How to prove that Φ² (golden ratio squared) is an algebraic number?

Question

The golden ratio Φ is algebraic since it is a root of the polynomial $x^2 - x - 1$

But how would you write and prove that Φ² is also algebraic?

Answer 1

If $\alpha$ is an algebraic number over $\mathbb{Q}$ then $\alpha^2$ is an algebraic number over $\mathbb{Q}$. Proof: let $p(x)$ be the minimal polynomial of $\alpha$ over $\mathbb{Q}$ and $p_{\text{even}}(x)=\frac{p(x)+p(-x)}{2}$, $p_{\text{odd}}(x)=\frac{p(x)-p(-x)}{2}$. We have $p_{\text{even}}(x)=r(x^2)$ and $p_{\text{odd}}(x)=x\cdot s(x^2)$, so $$ t(x) = r(x)^2-x\cdot s(x)^2 $$ is a polynomial with degree $\leq\deg p$ vanishing at $\alpha^2$, since $p(x)\mid t(x^2)$.

About the golden ratio, this procedure applied to the polynomial $x^2-x-1$ gives that $x^2-3x+1$ is a polynomial vanishing at $\varphi^2$.

Answer 2

$\Phi$ is a root of $f(x)=x^2 - x - 1$. Therefore, $\Phi^2 =\Phi+1$ and so $\Phi^2$ is a root of $f(x-1)=x^2 - 3 x + 1$.

More generally, $\Phi ^n = F_n \Phi + F_{n-1}$, where $F_n$ is the $n$-th Fibonacci number, and so $\Phi ^n$ is a root of $f\left(\dfrac{x - F_{n-1}}{F_n}\right)=\dfrac{x^2-L_n x +(-1)^n}{F_{n}^2}$, where $L_n$ is the $n$-th Lucas number, $L_n = F_{n-1}+F_{n+1}$. The value of the independent term follows from Cassini's identity. We can remove the denominator and so $\Phi ^n$ is a root of $x^2-L_n x +(-1)^n$.

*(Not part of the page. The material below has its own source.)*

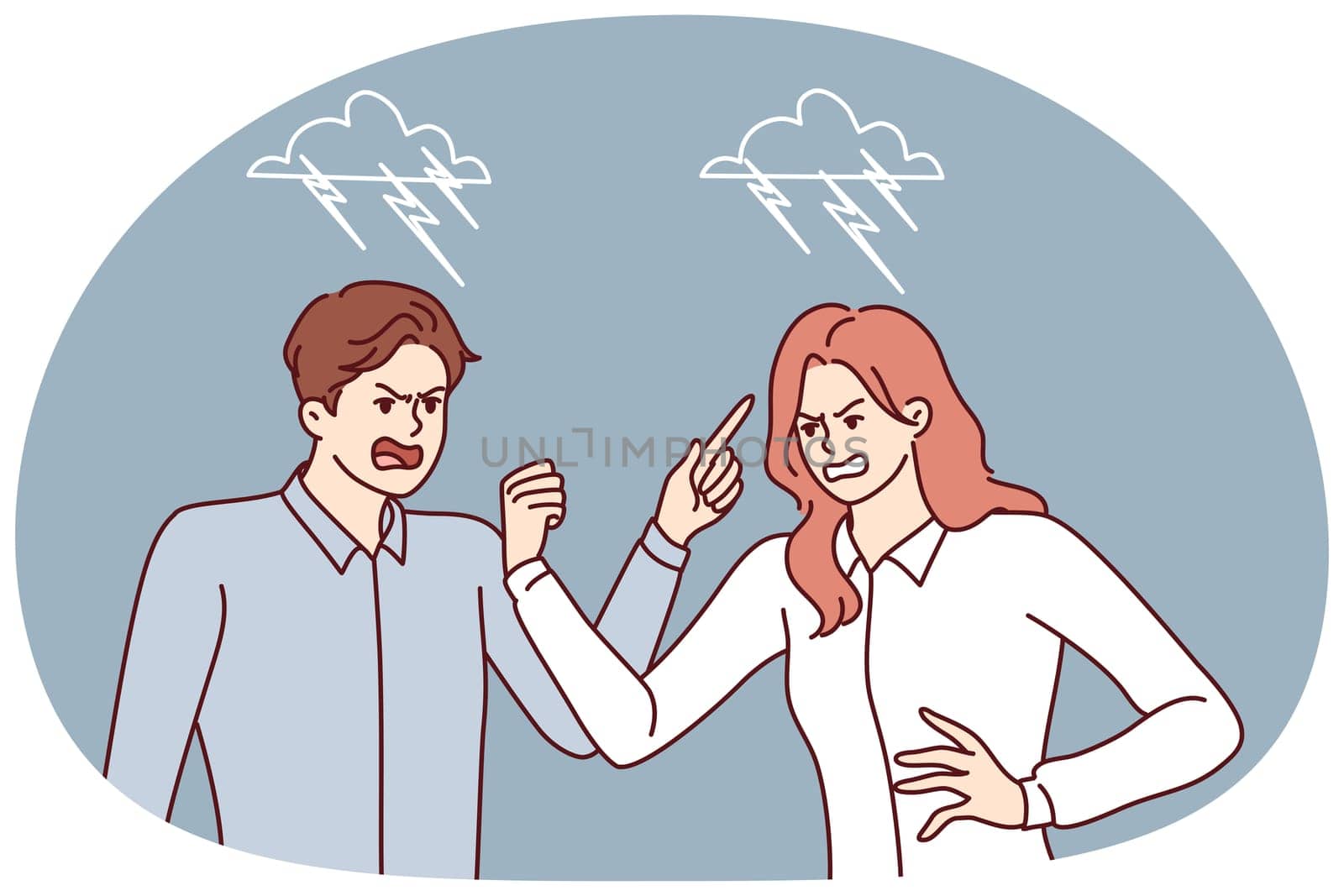 Quarrel between man and woman angrily screaming and pointing fingers towards interlocutor. Two colleagues during quarrel related to problems at work or conflict in their personal lives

This also follows by computing the trace and the determinant of the powers of the matrix $ \pmatrix{ 0 & 1 \\ 1& 1} $, which represents the map $ x \mapsto \Phi x$ in $\mathbb Q(\Phi)$: $$ \pmatrix{ 0 & 1 \\ 1& 1}^n = \pmatrix{ F_{n-1} & F_n \\ F_n & F_{n+1}} $$